Rachel writes:
“Carers once believed that Norfolk & Suffolk NHS Foundation Trust (NSFT) listened to the views of people with mental health problems and their carers. Currently, people are unable to understand why NSFT’s Carer and Service User Councils bar attendance from people who use mental health services and their carers. This exclusive policy is bizarre!
The new framework of carer and service user involvement consists of seven locality groups. These are supposed to be chaired by people who use services and/or carers and tasked with communicating concerns and suggestions to the ‘new’ Service Users and Carers Councils. The majority of these groups have not even elected a chair after nearly one year of operation. Locality groups are very poorly attended and are not representing the views of those who rely on mental health services at a critical time when services are being slashed and dismantled. Presently, NSFT’s website does not have information or minutes of the meetings that are taking place.
A separate, ‘overarching’ Trust Service User/Carer Development Group has been formed to decide strategies without any service user or carer representatives. Who is accountable for what – and to whom – is not clear when once there was a clear line of communication between those who need mental health services and the Trust. I am told that only one carer and three people who use mental health services attended the last Norwich City locality meeting. This hardly constitutes representative involvement for probably the largest concentration of people who rely on mental health services in the Trust.
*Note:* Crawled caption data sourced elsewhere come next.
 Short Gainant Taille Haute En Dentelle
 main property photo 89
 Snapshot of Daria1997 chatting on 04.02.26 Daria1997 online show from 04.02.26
People with mental health issues living in the community will be seeing their care co-ordinators less regularly. Those in a stable condition will have their medication and Care Plan reviewed up to twice a year. Apparently, visits from clinicians will be available only at times of crisis. Contact with carers will be minimal.There will be a great deal more responsibility put on family carers. Carers of people with complex, enduring mental health conditions are often on 24 hour call, even when we are sick or on holiday. Carers will need more support as community services are reaching the point of crisis management.
The questions that need to be asked are:
How is the Trust responding to carers’ needs?
Are locality groups in their present form an effective interface between users and providers?
Why are NSFT’s Service User and Carers Councils and the Trust Service User/Carer Development Group not open to service users and carers?
Why have NSFT’s service users and carers been excluded from vital Service Governance meetings when they used to be welcomed?
Finally, I have no confidence that the views of stakeholders are adequately and genuinely represented within the Trust’s new Service User/Carer framework. I have lost hope that the Trust will consider the needs of carers and their caring role.”